0

I ran an linear regression with the following commands:

lm.intp <- lm(intp.trust~age,data=Scountry)

And then i hope to draw a scatterplot to compare the residuals of different genders. i use the Scountry$res <- lm.intp$residuals commands to put the regression residuals into the data frame, and then use ggplot to draw the scatterplot. But when i run Scountry$res <- lm.intp$residuals, it keep saying the existing data and assigned data have different rows. how can i avoid this situation?

And when i draw the scatterplot, i hope to use the following commands:

ggplot(Scountry, aes(x=, y=res, color=as.factor(gender))) +geom_point()

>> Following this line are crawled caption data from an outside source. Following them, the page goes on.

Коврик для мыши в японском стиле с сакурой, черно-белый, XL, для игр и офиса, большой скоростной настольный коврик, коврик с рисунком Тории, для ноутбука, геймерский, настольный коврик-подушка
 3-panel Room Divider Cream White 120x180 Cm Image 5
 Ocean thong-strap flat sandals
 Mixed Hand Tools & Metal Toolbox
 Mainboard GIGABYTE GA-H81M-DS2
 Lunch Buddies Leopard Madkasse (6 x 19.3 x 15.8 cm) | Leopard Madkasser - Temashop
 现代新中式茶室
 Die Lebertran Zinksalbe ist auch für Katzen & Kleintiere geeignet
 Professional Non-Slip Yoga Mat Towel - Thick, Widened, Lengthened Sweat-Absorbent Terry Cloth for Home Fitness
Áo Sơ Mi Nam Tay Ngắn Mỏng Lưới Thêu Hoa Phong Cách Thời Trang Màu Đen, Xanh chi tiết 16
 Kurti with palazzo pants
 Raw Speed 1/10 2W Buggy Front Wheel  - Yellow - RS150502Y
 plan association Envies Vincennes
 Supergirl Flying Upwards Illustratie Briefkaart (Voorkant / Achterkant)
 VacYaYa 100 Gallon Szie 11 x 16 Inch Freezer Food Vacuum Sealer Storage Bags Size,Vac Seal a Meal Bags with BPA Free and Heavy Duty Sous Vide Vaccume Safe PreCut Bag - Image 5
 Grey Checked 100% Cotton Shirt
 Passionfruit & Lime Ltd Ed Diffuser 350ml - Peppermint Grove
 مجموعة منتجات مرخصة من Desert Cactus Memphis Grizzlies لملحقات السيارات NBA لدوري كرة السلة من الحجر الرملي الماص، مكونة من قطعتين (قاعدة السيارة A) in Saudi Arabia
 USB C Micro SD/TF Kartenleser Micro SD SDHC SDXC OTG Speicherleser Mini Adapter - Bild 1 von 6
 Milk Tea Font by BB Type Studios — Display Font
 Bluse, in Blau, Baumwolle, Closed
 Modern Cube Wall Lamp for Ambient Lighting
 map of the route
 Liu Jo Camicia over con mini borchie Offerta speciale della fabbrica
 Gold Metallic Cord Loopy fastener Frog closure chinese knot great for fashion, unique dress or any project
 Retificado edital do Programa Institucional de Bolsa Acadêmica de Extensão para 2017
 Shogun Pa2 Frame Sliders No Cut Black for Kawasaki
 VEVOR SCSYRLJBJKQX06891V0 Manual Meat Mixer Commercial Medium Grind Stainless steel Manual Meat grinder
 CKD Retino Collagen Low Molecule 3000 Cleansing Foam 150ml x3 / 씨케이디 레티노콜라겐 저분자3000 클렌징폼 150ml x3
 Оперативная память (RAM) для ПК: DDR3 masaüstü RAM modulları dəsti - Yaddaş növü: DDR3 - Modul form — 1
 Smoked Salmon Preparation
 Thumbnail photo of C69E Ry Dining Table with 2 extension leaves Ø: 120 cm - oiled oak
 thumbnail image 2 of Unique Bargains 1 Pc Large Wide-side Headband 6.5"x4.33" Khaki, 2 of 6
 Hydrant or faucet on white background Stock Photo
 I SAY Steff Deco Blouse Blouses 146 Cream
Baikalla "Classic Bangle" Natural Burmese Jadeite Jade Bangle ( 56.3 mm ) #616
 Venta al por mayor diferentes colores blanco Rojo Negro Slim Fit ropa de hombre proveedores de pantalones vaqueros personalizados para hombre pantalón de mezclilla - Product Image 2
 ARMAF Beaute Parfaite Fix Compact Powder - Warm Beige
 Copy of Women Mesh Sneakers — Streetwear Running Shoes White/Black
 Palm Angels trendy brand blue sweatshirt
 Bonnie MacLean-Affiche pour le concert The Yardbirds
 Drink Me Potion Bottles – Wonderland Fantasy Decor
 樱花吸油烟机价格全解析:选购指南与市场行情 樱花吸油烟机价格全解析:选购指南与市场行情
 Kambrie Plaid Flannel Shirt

I know that in this plot, y should be the residuals, and the x should be the observations of this data, but i really have no idea what should be wrote in "x=" since the observations in my data have no ID, it's look like this:enter image description here

Could anyone please help me solve this questions? i'd be really appreciated!

Xingchen LIU
  • 91
  • 1
  • 4
  • Can you please provide data. Or at least a few rows? https://stackoverflow.com/questions/5963269/how-to-make-a-great-r-reproducible-example – Bloxx Oct 16 '21 at 22:57
  • Pictures of data are not useful because they do not include important information about the data types of the variables. Your picture does not even include the variables you are using in the analysis. – dcarlson Oct 16 '21 at 23:07
  • I'm sorry but the data frame has more than 400 variables. should i just include variables age, intp.trust and gender which are used here, and put some rows ? – Xingchen LIU Oct 16 '21 at 23:08

1 Answers1

1

Hmm... It works here. I created data the fit your description. Do you maybe have NAs in your dataset?

Scountry <- data.frame(intp.trust = seq(200, 205),
                       age = seq(20,25),
                       gender= c("F", "M", "F", "M", "F", NA))

Scountry_lm <- Scountry %>% select(intp.trust, age, gender) %>% na.omit()


lm.intp <- lm(intp.trust~age,data=Scountry_lm)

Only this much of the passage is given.